Serra Yılmaz da, bu rol için onu isteyen, hatta Asuman karakterini onu düşünerek yazdığı söyleyen yönetmenine yorumuyla yardımcı oluyor. Kolaya kaçmıyor, bir an bile Asuman’a tekinsiz bir hava kondurmuyor, sadece ısrar ediyor. Filmin gizemli, fantastik öğeleri de ondan, Asuman’ın güçlerinden kaynaklandığı halde.
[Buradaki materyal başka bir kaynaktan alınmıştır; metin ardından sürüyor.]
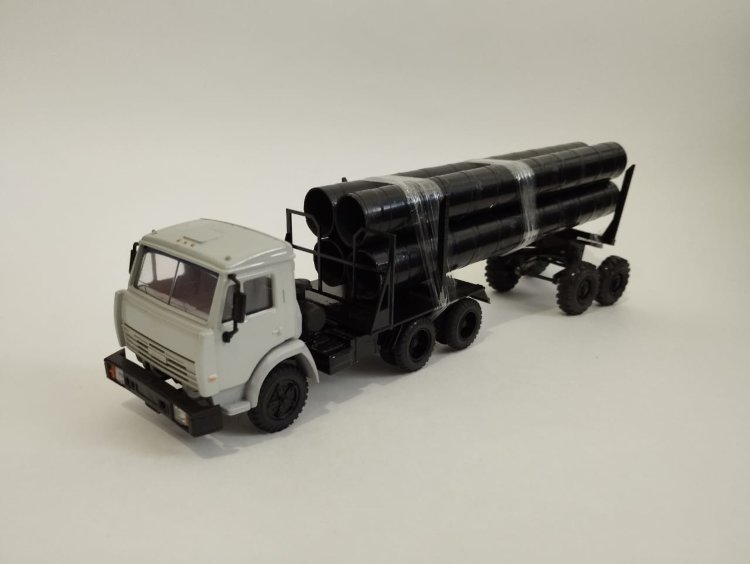 Камский грузовик-5410 с 2х-осным прицепом-роспуском (с трубами) (конверсия) convE5410-trub1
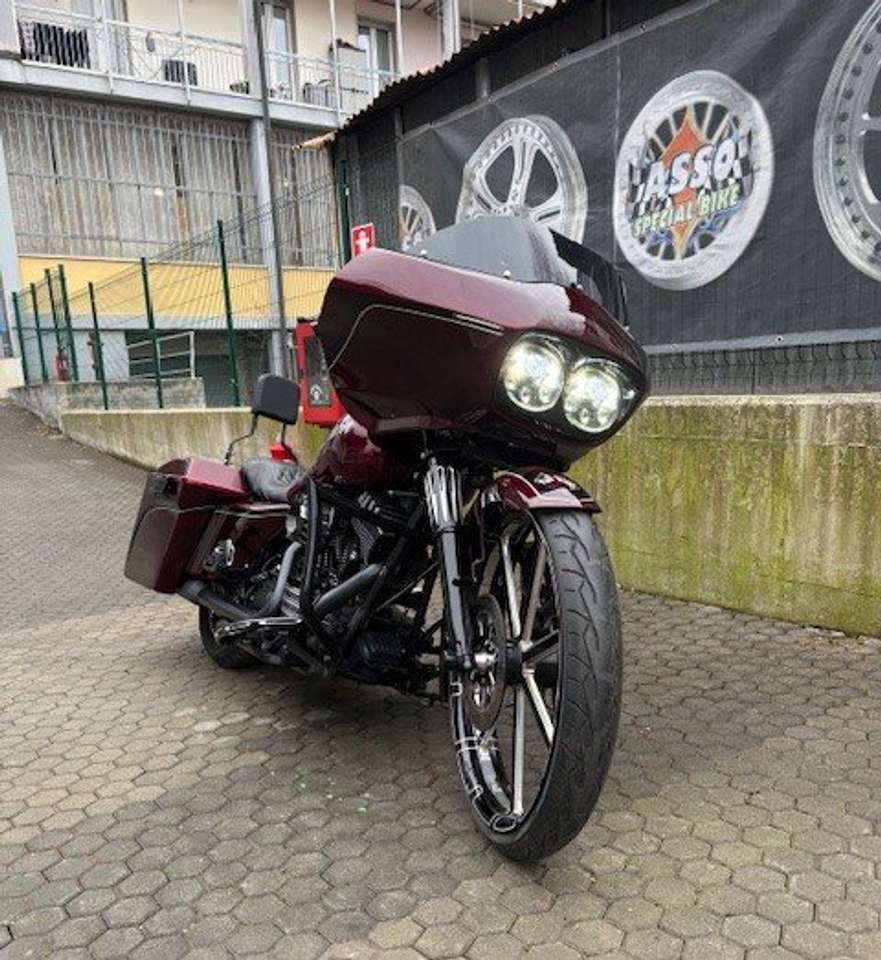Harley-Davidson Road Glide FLTRI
Karakterler içinde ona köken olarak en yakın kişi kapıcı Mustafa olmalı. Ama kişilik olarak Asuman, Sema, Deniz ve Mustafa apayrı karakterler. Bence bu dağılımda en nankör karakter İdil Fırat’a düşmüş. Çünkü didaktik esintileri olan tek karakter, onun katı Sema’sı. Tiyatro kökenli Erdem Akakçe ise, bu tek mekân kısıtlamasından engellenmişe benzemiyor. Daha önce “Ara” ve “Gölgesizler”de de Ünal’la çalışan aktör karakterini abartıya kaçmadan yorumlamayı iyi bildiğini daha önce de Çağan Irmak’ın “Karanlıktakiler”indeki parlak performansıyla kanıtlamıştı. Sonuç olarak, yükünün biraz ağır olduğunu düşündüğüm İrem Altuğ dahil, genelde iyi oynanmış bir film ama herkes kendi karakterinin hakkını verse de, nedense ansambl oyunculuk duygusu (oyuncu sayısının azlığına rağmen) zayıf kalmış.
Dedik ya, önemli olan Ümit Ünal’ın en iyi yüzdüğü sulara dönmüş olması. Ustası olduğu türden, kendine ait bir senaryoyla karşımıza çıkması. “Nar”, çarpıcı ve döneme uygun bir ‘en yakın bildiğini tanımama’ hikâyesi anlatıyor.